WHAT IS BEING ASKED: In the records below, begin at the line that has "Youtube: Krankheit Atypische" and stop after the line that has "Student Driver Adult"; quote those lines verbatim and nothing more.

+---+

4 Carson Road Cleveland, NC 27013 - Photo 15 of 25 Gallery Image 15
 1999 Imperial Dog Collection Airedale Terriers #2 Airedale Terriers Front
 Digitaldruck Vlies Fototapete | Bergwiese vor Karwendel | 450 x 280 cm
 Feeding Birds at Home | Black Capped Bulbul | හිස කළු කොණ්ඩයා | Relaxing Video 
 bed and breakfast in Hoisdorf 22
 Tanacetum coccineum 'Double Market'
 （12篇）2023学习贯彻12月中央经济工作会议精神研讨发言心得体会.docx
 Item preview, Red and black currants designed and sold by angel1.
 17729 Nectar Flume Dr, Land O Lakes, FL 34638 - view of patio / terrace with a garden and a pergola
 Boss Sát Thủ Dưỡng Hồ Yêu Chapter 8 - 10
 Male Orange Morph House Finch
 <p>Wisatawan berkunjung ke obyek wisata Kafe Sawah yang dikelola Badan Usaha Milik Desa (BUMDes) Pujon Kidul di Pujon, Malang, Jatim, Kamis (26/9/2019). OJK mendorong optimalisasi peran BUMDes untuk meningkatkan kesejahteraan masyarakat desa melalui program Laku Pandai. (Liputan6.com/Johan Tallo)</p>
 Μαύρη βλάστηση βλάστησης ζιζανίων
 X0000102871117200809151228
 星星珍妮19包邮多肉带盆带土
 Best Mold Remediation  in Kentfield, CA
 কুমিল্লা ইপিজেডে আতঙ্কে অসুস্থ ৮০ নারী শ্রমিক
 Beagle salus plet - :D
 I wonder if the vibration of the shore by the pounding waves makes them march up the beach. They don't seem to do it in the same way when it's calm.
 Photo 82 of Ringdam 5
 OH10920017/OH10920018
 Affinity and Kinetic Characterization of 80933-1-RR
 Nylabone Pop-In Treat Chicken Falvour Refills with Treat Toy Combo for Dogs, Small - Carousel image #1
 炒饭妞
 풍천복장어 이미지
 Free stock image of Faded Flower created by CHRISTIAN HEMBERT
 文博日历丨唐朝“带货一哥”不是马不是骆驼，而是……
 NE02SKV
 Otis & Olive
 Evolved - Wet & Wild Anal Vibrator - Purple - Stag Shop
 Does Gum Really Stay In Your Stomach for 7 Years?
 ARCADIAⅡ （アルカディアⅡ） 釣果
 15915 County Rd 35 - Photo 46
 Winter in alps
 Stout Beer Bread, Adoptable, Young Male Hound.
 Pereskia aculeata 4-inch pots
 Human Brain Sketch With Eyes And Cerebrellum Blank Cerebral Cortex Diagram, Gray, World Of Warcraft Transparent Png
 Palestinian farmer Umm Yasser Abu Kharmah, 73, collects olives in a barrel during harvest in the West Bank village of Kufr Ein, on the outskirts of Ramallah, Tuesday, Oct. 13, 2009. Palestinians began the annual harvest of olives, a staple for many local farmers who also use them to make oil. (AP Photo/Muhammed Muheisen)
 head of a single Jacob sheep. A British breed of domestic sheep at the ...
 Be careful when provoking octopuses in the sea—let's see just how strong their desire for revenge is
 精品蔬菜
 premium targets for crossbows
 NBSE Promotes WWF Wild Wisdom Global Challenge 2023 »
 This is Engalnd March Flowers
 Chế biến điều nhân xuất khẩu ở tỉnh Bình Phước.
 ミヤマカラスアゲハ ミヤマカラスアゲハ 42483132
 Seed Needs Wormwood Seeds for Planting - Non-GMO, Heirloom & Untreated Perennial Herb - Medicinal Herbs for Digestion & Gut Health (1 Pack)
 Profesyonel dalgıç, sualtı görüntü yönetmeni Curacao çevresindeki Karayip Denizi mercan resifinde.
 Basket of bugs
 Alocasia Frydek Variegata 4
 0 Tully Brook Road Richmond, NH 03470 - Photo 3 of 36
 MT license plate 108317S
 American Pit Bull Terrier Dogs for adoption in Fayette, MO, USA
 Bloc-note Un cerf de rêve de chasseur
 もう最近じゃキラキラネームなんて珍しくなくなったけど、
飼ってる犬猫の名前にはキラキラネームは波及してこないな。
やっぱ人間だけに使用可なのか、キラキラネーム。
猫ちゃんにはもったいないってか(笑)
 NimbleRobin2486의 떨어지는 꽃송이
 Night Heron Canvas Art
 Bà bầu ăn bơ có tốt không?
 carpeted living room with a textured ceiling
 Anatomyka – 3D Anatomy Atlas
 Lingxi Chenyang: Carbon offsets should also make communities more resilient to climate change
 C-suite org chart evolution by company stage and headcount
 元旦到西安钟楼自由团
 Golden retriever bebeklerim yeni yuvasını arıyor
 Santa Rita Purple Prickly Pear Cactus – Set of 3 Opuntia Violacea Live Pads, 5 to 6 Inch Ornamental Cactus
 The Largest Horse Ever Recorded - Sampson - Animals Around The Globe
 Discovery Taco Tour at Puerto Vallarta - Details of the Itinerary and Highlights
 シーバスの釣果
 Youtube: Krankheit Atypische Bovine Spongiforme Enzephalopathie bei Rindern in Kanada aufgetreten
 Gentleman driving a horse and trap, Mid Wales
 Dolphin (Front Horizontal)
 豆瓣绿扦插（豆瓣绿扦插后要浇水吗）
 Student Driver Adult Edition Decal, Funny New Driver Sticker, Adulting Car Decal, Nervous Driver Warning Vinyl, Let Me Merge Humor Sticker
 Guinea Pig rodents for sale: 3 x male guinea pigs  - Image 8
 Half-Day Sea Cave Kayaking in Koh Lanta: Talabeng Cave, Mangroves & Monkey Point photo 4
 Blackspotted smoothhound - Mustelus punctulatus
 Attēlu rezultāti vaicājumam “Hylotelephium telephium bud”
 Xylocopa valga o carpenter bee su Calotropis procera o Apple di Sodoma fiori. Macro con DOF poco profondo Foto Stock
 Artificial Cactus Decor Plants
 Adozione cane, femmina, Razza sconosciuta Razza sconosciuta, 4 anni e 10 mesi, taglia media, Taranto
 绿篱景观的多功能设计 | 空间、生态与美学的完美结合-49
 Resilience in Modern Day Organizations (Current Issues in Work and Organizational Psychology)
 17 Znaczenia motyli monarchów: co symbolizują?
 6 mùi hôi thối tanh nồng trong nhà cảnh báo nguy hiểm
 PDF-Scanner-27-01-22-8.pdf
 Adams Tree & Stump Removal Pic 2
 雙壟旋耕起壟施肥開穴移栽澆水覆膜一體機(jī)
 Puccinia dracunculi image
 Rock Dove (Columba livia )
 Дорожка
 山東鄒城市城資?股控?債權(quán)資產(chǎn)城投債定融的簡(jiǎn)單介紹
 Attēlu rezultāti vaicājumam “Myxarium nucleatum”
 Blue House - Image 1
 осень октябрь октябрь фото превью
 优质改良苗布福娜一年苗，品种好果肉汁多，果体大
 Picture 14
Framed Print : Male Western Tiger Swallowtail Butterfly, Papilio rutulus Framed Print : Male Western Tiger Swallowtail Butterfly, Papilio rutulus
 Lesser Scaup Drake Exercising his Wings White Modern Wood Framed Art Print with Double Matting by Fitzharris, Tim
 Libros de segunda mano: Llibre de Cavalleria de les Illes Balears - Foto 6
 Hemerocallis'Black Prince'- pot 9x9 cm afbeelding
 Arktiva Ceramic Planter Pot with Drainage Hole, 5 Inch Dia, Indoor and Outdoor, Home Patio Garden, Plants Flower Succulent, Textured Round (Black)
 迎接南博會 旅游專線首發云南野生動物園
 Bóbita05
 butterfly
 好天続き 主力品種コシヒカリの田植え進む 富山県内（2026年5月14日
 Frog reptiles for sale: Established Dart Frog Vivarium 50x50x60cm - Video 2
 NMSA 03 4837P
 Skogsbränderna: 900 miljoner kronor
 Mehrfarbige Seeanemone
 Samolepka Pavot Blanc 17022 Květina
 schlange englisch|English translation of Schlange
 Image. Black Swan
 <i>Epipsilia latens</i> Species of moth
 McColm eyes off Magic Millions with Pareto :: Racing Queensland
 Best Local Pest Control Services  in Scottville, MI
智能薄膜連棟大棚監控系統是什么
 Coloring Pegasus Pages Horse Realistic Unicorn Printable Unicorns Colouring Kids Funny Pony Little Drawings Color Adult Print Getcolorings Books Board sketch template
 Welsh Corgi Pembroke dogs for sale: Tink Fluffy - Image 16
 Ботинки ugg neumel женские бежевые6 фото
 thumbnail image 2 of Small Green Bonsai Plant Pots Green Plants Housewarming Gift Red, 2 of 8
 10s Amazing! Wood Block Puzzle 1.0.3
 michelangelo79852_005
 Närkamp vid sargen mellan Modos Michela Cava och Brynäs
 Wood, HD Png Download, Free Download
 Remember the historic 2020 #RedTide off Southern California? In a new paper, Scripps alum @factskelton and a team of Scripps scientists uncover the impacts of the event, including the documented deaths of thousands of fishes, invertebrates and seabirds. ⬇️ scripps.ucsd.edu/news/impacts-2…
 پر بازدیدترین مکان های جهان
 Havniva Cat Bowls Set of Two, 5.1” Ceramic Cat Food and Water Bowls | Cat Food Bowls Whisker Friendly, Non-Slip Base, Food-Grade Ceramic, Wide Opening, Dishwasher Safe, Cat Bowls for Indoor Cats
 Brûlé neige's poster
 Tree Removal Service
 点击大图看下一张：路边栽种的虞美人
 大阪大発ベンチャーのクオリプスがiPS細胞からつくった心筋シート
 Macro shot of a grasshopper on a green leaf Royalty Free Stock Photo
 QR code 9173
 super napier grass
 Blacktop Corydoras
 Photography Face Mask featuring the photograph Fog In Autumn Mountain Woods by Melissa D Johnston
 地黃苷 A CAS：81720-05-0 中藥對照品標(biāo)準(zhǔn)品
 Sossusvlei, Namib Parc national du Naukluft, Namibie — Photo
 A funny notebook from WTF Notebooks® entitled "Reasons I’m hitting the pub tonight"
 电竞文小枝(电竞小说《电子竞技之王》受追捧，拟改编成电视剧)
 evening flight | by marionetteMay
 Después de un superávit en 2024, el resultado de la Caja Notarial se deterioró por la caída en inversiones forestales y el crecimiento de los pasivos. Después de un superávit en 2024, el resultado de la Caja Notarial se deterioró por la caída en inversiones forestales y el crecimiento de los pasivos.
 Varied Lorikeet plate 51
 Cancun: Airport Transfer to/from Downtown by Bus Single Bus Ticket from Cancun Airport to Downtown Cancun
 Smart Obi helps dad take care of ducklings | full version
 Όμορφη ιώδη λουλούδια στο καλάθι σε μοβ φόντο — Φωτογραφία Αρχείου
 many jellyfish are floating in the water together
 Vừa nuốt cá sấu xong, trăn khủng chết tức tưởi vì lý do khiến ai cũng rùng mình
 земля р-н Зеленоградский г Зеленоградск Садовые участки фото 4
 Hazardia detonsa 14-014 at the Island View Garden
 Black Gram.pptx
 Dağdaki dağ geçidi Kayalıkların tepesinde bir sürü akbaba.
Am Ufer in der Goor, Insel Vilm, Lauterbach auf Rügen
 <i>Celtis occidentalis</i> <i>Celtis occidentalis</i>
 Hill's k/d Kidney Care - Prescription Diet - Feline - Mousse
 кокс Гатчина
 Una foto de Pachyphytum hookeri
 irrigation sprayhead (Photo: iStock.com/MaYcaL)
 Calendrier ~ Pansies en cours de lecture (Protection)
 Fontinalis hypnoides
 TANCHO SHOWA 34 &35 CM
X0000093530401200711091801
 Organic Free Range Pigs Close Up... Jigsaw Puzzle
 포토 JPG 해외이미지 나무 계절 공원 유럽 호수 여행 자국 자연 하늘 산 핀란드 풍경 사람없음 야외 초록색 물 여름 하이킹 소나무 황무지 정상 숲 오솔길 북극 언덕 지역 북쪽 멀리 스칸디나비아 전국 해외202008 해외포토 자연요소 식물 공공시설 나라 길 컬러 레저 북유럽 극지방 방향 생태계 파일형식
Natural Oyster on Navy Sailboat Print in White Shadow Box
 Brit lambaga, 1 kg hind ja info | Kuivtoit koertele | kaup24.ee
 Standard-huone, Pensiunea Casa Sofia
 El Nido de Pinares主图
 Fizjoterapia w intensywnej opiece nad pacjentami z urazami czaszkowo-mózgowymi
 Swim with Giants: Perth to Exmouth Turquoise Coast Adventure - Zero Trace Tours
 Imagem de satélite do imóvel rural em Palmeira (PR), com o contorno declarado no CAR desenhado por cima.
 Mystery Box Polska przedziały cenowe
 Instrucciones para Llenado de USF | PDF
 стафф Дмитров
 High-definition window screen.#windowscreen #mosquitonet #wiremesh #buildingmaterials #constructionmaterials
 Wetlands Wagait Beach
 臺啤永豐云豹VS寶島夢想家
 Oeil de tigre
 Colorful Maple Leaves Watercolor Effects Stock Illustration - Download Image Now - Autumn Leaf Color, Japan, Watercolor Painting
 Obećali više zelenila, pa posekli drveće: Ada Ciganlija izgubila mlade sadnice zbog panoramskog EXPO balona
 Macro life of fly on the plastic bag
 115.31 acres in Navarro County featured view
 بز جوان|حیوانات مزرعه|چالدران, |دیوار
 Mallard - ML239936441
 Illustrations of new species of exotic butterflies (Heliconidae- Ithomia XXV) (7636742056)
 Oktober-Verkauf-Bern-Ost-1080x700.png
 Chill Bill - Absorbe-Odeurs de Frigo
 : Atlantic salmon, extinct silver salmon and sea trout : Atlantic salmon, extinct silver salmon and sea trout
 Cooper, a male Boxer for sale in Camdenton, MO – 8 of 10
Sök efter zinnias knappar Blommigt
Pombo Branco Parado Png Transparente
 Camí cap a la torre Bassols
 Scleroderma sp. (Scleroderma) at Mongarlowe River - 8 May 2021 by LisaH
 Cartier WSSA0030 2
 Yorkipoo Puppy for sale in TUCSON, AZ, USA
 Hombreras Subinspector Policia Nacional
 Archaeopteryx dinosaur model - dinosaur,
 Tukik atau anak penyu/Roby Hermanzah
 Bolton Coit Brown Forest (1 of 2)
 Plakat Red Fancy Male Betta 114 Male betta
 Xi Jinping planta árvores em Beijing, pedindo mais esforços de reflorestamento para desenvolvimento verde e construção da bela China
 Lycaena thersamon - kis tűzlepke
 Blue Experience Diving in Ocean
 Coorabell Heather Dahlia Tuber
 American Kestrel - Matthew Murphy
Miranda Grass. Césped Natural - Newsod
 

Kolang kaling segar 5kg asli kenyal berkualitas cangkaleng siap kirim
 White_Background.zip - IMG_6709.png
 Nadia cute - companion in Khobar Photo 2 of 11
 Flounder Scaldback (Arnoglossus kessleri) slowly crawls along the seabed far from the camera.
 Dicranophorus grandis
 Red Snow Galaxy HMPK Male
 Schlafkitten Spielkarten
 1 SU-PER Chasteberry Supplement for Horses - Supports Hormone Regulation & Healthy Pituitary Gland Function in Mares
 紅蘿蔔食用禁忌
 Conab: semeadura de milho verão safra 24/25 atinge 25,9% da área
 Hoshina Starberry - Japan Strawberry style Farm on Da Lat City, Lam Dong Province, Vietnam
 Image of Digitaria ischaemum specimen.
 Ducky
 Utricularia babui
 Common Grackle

+---+

RESPONSE FOR THIS EXERCISE:
 Youtube: Krankheit Atypische Bovine Spongiforme Enzephalopathie bei Rindern in Kanada aufgetreten
 Gentleman driving a horse and trap, Mid Wales
 Dolphin (Front Horizontal)
 豆瓣绿扦插（豆瓣绿扦插后要浇水吗）
 Student Driver Adult Edition Decal, Funny New Driver Sticker, Adulting Car Decal, Nervous Driver Warning Vinyl, Let Me Merge Humor Sticker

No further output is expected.